Tech Lead 101: Technical confidence first

This part six of a larger series, get started with the introduction. Read the table of contents to see all the posts so far.


The tension is quite literally in the name. Are you a technical authority? Or are you a leader? You can be either without the other, yet to be a tech lead you must excel at and be both. As a full time individual contributor you almost certainly have a natural strength. If it’s pure technical expertise it is often fairly obvious. Your strength is designing and implementing systems. If it’s tending towards leadership, it’s somewhat harder to identify without being in a leadership position. Your strength is probably glue work, naturally facilitating, caring about the people in your team and more. Remember, this doesn’t mean you can’t be strong at the other before you’re a tech lead, but I think it’s helpful to at least mentally place yourself on this spectrum. This is the first step, because it will help you pick and choose your next steps.

The big open question is, if you need to be good at both to be an effective tech lead, where do you start? In my mind the answer is the title of this post - technical confidence first. We’ll dive into more detail in a moment, but at a high level I say this because in my experience - once you become a tech lead for the first time you’ll have significantly more chances to upskill in leadership than in your technical competence. This is because you’ve likely not been in this kind of leadership role before, so everything will be new and hence a learning opportunity. Leadership is the responsibility you’re adding, relatively speaking your technical work is simply evolving*, and yes, you’ll do less of it - especially in the beginning (it’s not the moment you unlock that next big technical challenge, that’s much later). Similarly, each squad only has one tech lead, so everyone will be looking towards you from day one, so you’ll naturally be upskilling here first.

I’ve now used both “technical confidence” and “technical competence” as phrases. Re-read the last paragraph if you didn’t notice.The two are similar, but the nuance is important. I intentionally chose “technical confidence” as the thing you should focus on because confidence naturally implies a level of “technical competence,” because without that it would be “technical over-confidence.” This doesn’t mean being competent in all the technologies your team will be using, so also shouldn’t be the aim. Focus on both your discipline and on the foundational, principle-based things. You may be wondering how you lead outside your discipline, this is a post for another time, but you’d be surprised how well the foundational, principled stuff I just mentioned translates across. To give a sneak peak, as a backend engineer I can still have constructive conversations with an iOS engineer about one of my favorite principles - designing for extensibility over flexibility or strategies to keep PRs small. Again, all this is why the aim is not competence but confidence. Confidence is the goal and competence a tool to get there.

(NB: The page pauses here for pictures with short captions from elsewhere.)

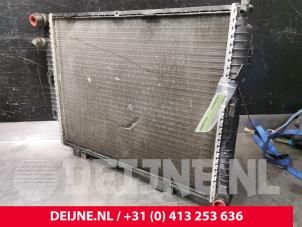 Gebruikte Radiateur Mercedes E (W210) 2.2 E-220 CDI 16V Prijs € 80,00 Margeregeling aangeboden door van Deijne Onderdelen Uden B.V.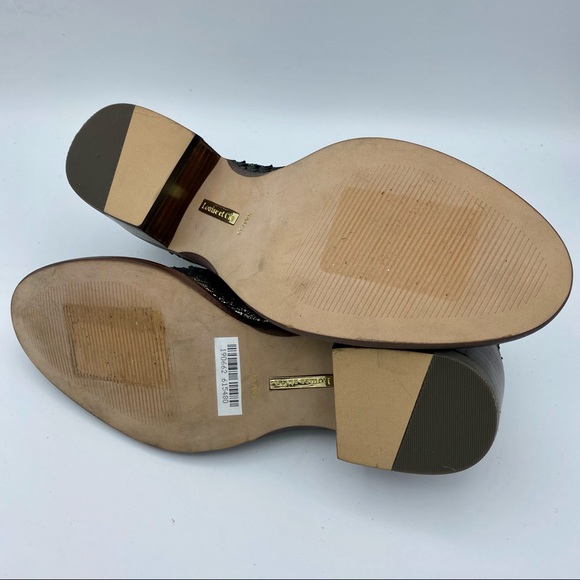 πLouise et Cie Gold Inlay Oxfords - Picture 7 of 8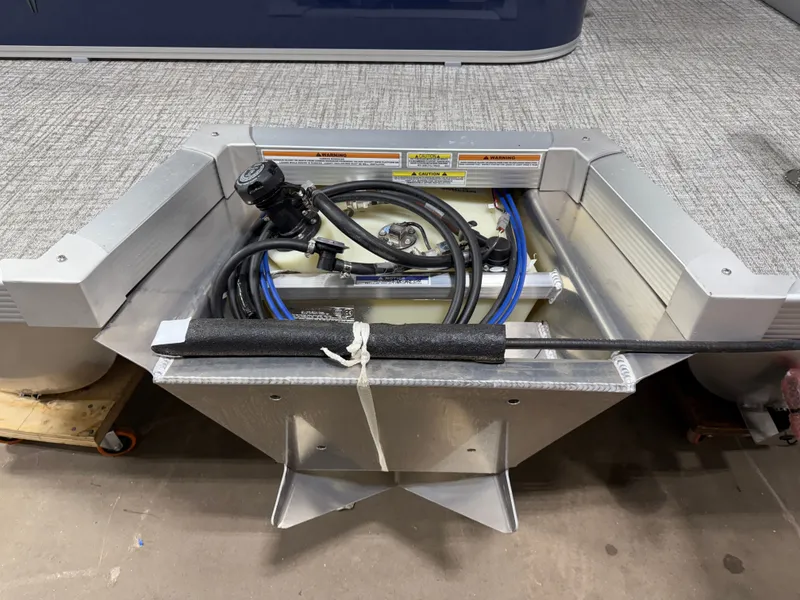 Slide: The Image of Tahoe LTZ 2385 Swingback (VRB) & Honda 4-Stroke EFI 2025 - 44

Now to get back to what I actually mean with technical confidence first. What I’m really saying is - be intentional about when you decide to accept the tech lead hat. You’re likely better off spending more time honing your technical skills over jumping into leadership too early. This isn’t a reason to postpone forever, you’ll never be fully ready, but this is one place I’d over index your focus. This technical expertise forms the foundation for the confidence you will fall back on when things get tough or stressful. The last thing you want is a team of people looking up to you, where you straight up don’t have the technical confidence to guide them forward.

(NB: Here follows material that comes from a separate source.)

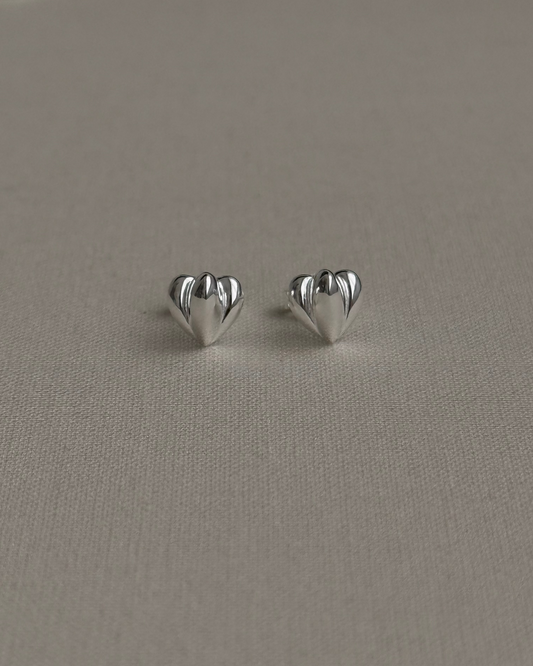SILVER HEART STUD EARRING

I’m not implying you won’t have imposter syndrome or saying you need to be the most technically savvy in the room, or even that you need to make all the technical decisions. You absolutely don’t, but you need to believe in your own modal ability to solve problems and deal with ambiguity. Especially technical ambiguity. Inevitably you will have moments where you don’t feel confident and feel totally out of your depth, and that’s fine. This is exactly why you should intentionally move into this role knowing that technical confidence is something important, and worth investing in up front. By all measures, this should be a strength before you entertain becoming a tech lead.

The best way to build your confidence is time, a personal track record of solving technical problems you weren’t sure you could solve successfully. These are the things you will look back on in times of doubt to remind yourself you can do it (or others can help point them out too). Luckily amassing these examples is literally your job already.

Reading all this you might be thinking “So I have to be the most senior engineer in my team to be the tech lead?” This is categorically not the case. I refer back to my distinction between “technical confidence” and “technical competence.” You need to trust in your ability to solve technically ambiguous problems, in your technical decision making process and your foundation - not know that you’re the most experienced person in the room. True technical confidence is not relative to the people around you, it’s there irrespective of who you’re working with. Believe it or not, I’ve rarely been the most experienced engineer in a team I’ve been leading, and even if so, only by a tiny margin!

So when in doubt, invest in “tech” before the “lead,” it will pay dividends from the get go.

*Don’t confuse this with eventually building your confidence as a technical leader itself, which comes much later in the journey. Designing complex technical systems at a leader level of abstraction is a whole different technical competence out of scope for this post.